Si crede a torto che la Dea sia piú perfetta della donna, come si crede che l’ideale sia piú perfetto del reale. La Dea è la donna iniziale, ancora nelle sue qualitá generali, non realizzate; è il genere, il femminile, il pensiero di una epoca sviluppatosi dal dogma o dal simbolo religioso, uscito dalla nuditá dell’astrazione metafisica, vestito d’una prima forma dalla poesia, ma d’una forma ricordevole, in cui il pensiero si ricorda ancora, se posso dir cosí, del passato, da cui si è sciolto di fresco. Quel pensiero prende una faccia, diviene bellezza che innamora di sé le immaginazioni, acquista un nome di battesimo, si chiama Laura o Beatrice. La donna del Medio evo o è rozza materia di piacere, frutto di plebea barbarie, o è concezione metafisica e religiosa; o è terra, o è Dea. La Dea non ha preso le spoglie dell’umanitá, mescolatasi in mezzo agli avvenimenti; ma è l’ideale dell’uomo attraverso il cammino della vita, la sua stella, il faro che gli mostra la sua ultima destinazione. Questa è certo una delle piú gentili concezioni di quel tempo, generata e dallo spiritualismo cristiano e dal culto della donna presso i barbari, e piú tardi nobilitata dalle idee platoniche.

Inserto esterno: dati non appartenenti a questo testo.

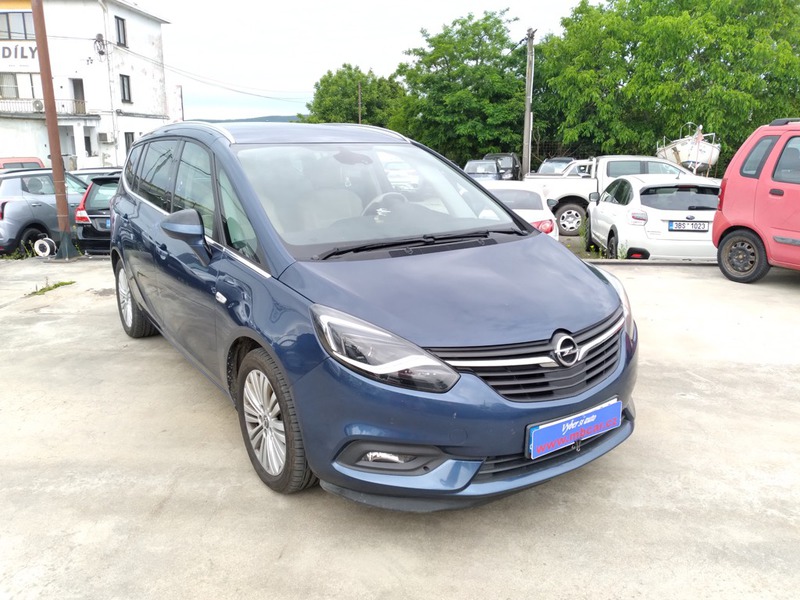 Opel Zafira TOURER 2.0 CDTI AT 7 MÍST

È, in sostanza, il pensiero che rompe il guscio del simbolo, si spoglia della ruvida scorza delle scuole, ed incarnandosi in una donna, brilla come l’aurora della poesia.
In Beatrice trovi ancora i vestigi di questa formazione. Ben senti in lei una creatura reale, ma sembra quasi che Dante ne abbia onta, e che si sforzi di fartelo dimenticare, tutto inteso ad allegorizzarla, a trasformarla in un’idea religiosa e filosofica. L’ama piú che come donna, l’ama come la bella immagine di tutto ciò a cui l’uomo crede secondo religione e secondo filosofia; e, in veritá, Beatrice è l’ideale piú comprensivo e piú profondo che abbia prodotto l’arte del Medio evo; è, sotto faccia di donna, qualche cosa di cosí colossale come San Pietro. Ma questa donna, irta di sillogismi e di casismi, è pure la donna sua, amata col caldo e con le illusioni della giovinezza, trasformata a grado a grado secondo che si trasformava l’amante, ma conservando sempre una vita plastica ed appassionata innanzi ad un poeta, la cui fantasia mai non invecchia, e che, con uno strano mescolamento di pedanteria e di poesia, spesso di mezzo a un sillogismo fa scoppiare il fremito delle passioni. Qualche cosa di questa pedanteria, ma insieme con tanta parte di poesia, vedi in Beatrice.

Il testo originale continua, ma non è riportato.